WORK TO COMPLETE:
Please transcribe exactly, and only, the lines of the data below between the line holding "老黄历6月22日：移徙适合分析,搬家吉日推荐" and the line holding "第46话 白骨精大战疫鬼！57", inclusive.

DATA FOR REVIEW:
• • • •

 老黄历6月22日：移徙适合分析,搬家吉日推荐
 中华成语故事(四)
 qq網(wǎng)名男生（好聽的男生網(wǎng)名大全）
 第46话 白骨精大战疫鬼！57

• • • •

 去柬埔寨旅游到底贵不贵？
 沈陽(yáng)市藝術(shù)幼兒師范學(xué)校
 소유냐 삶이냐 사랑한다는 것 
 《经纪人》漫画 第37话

• • • •

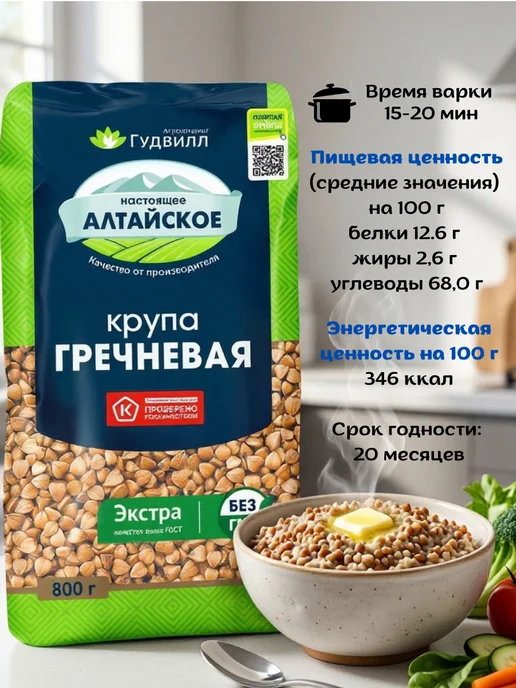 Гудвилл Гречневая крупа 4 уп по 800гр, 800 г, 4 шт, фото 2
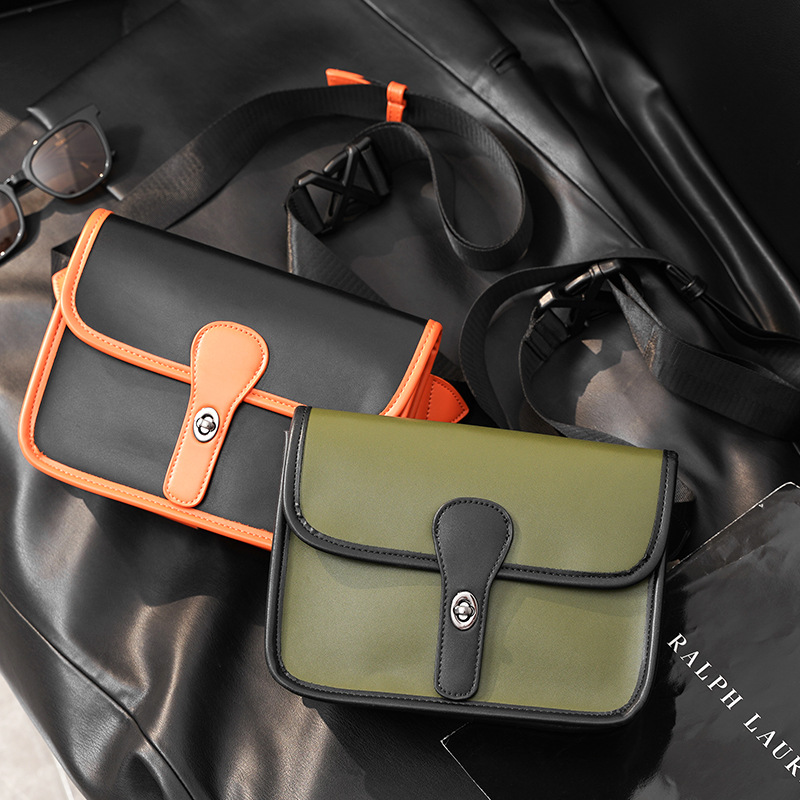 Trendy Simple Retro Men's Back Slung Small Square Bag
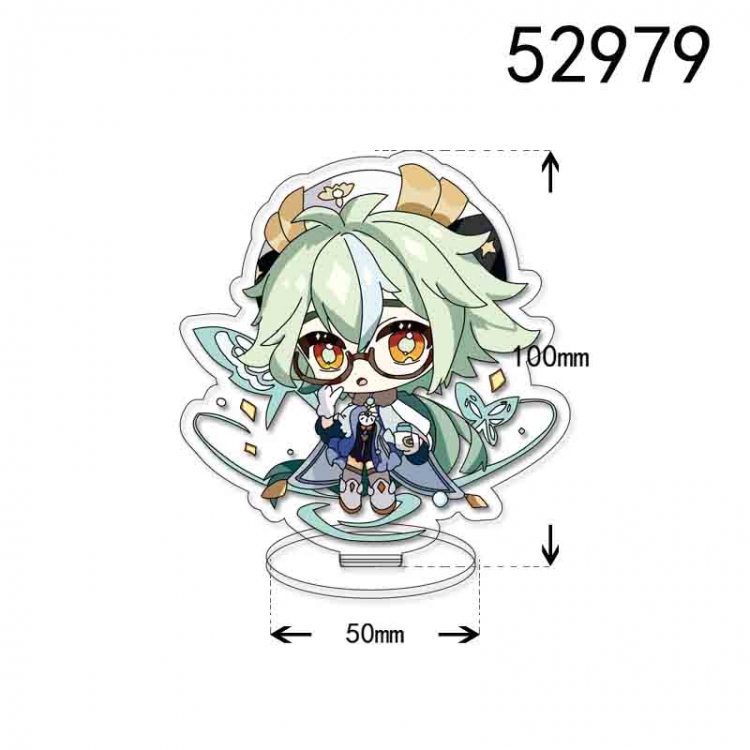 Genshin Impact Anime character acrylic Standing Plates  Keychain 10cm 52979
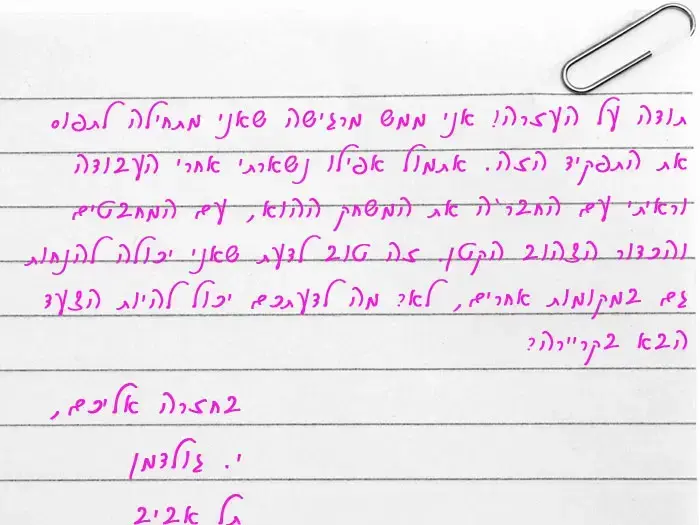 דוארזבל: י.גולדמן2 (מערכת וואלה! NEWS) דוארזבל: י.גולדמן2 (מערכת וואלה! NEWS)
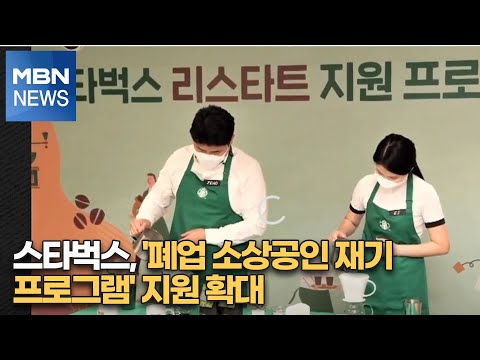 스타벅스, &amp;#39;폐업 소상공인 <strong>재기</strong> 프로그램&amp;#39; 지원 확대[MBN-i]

• • • •

REPLY:
 老黄历6月22日：移徙适合分析,搬家吉日推荐
 中华成语故事(四)
 qq網(wǎng)名男生（好聽的男生網(wǎng)名大全）
 第46话 白骨精大战疫鬼！57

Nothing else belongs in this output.